Filter out every line below that lacks "Pendant", and copy the rest.

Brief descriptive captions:
+ + +

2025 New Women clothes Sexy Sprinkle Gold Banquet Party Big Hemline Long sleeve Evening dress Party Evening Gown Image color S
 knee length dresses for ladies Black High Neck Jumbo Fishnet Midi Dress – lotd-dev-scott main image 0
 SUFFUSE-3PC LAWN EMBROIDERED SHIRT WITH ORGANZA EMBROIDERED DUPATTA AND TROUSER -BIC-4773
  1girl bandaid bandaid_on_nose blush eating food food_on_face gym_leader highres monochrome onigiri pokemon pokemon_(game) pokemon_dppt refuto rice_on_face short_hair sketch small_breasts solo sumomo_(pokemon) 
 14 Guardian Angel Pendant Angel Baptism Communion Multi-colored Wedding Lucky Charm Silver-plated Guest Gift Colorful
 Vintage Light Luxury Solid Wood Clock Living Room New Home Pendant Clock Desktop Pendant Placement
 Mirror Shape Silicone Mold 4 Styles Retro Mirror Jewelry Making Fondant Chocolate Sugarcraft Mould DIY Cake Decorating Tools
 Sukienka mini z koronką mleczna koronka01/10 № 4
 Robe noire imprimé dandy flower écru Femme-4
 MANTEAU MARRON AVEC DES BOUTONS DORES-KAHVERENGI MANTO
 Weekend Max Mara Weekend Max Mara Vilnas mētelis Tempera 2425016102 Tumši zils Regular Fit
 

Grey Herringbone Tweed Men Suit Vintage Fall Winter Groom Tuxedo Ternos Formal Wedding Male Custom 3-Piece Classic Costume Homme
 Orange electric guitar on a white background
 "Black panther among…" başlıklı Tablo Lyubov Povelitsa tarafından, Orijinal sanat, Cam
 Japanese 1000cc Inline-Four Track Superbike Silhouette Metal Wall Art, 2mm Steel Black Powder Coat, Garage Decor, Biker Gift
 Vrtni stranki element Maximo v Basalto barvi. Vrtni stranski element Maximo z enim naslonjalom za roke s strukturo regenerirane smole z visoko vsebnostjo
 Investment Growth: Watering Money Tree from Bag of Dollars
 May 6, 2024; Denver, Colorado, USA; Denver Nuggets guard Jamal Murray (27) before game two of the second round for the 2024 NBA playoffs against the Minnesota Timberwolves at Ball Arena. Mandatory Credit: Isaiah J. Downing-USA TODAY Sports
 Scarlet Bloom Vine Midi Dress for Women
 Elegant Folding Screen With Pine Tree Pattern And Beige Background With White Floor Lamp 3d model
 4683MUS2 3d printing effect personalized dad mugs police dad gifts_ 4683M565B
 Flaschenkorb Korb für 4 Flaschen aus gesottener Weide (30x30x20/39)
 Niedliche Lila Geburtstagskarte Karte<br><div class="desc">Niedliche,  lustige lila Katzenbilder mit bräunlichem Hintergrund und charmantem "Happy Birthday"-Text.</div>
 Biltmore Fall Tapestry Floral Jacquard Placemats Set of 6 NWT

+ + +

Result:
 14 Guardian Angel Pendant Angel Baptism Communion Multi-colored Wedding Lucky Charm Silver-plated Guest Gift Colorful
 Vintage Light Luxury Solid Wood Clock Living Room New Home Pendant Clock Desktop Pendant Placement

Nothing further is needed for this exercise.